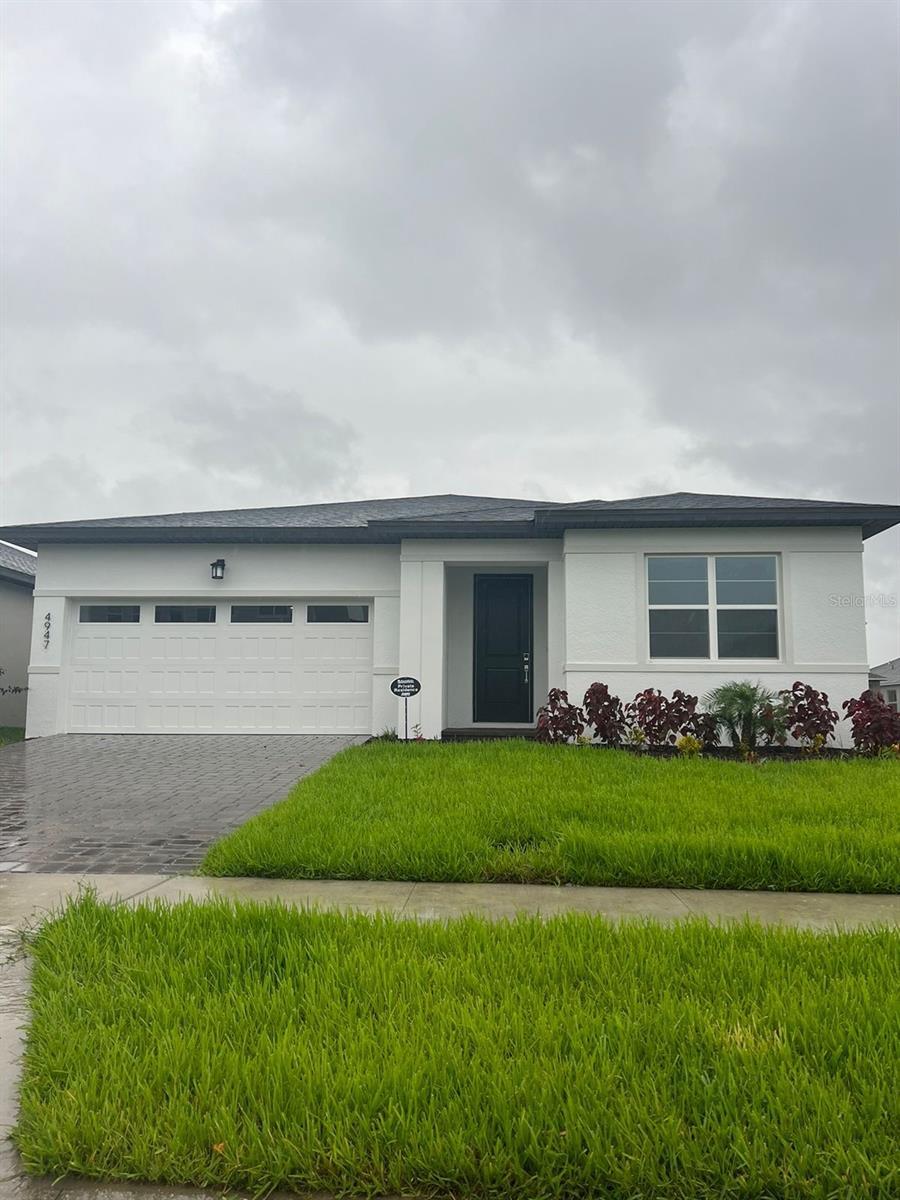 Property Photo: 4947 Shady Pines Drive FL 34772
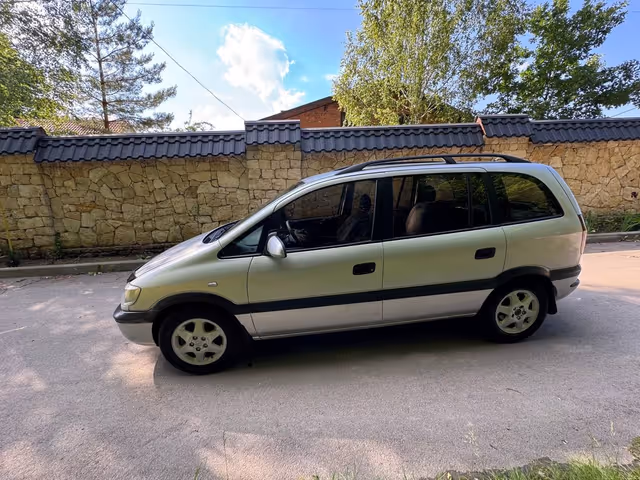 Opel Zafira - фото 5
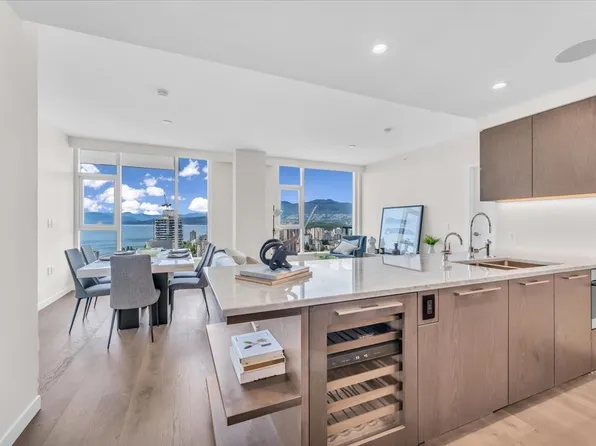1335 Howe St #3305, Vancouver, BC V6Z 0H1
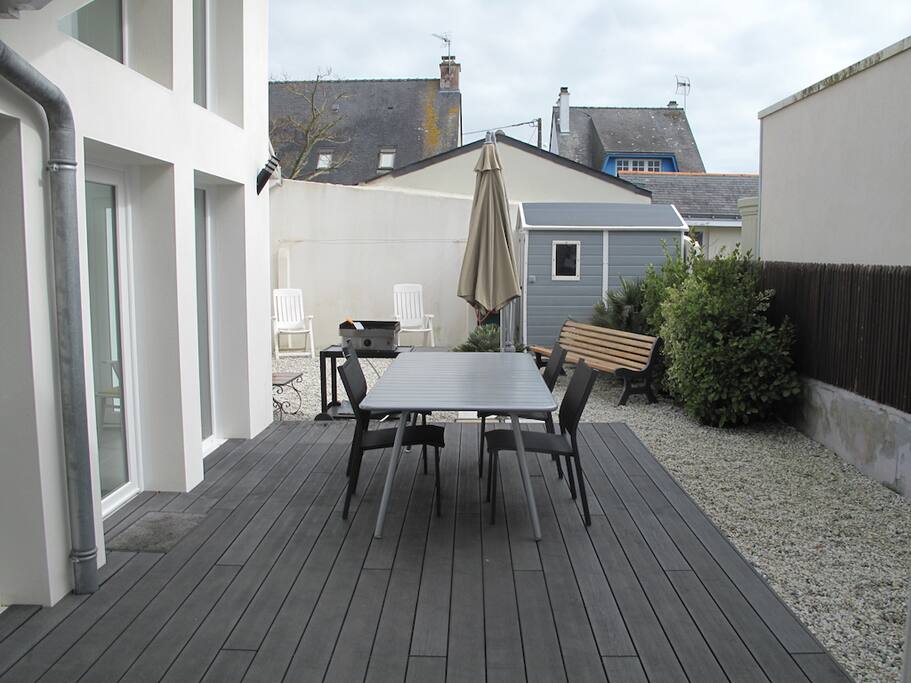vue de la terrasse depuis la cuisine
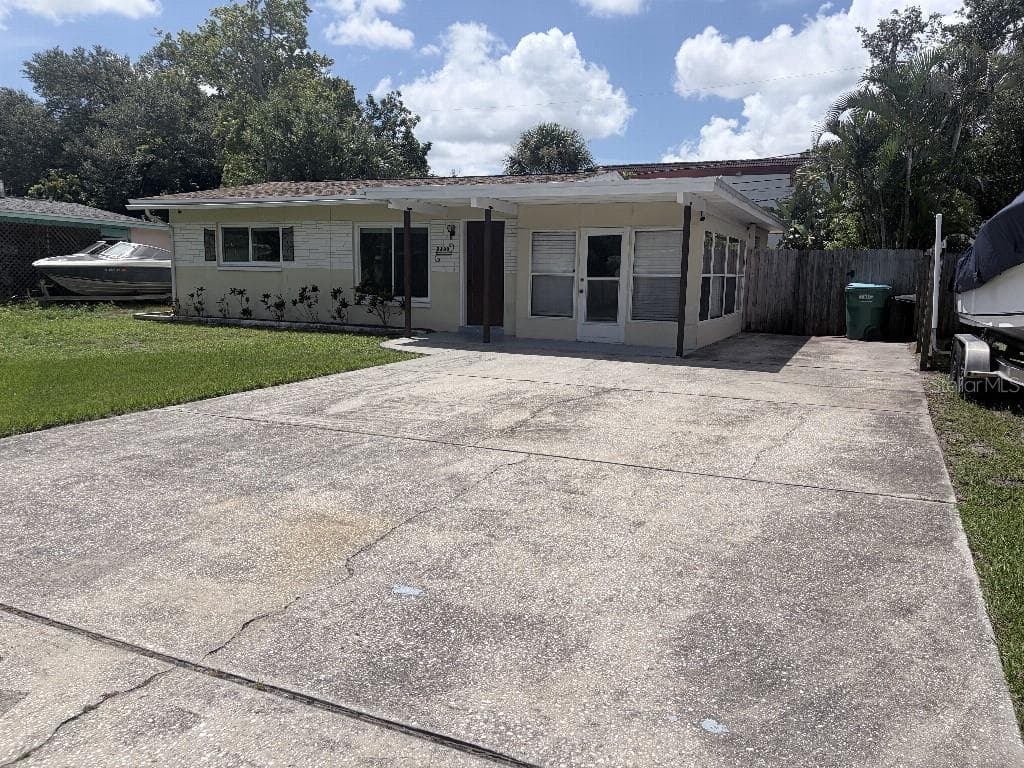 2209 EUCLID CIRCLE — photo 3 of 36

§ **Work item**: Return each entry above unchanged. Leave the pictures out.

§ **Solution**:
 Property Photo: 4947 Shady Pines Drive FL 34772
 Opel Zafira - фото 5
1335 Howe St #3305, Vancouver, BC V6Z 0H1
vue de la terrasse depuis la cuisine
 2209 EUCLID CIRCLE — photo 3 of 36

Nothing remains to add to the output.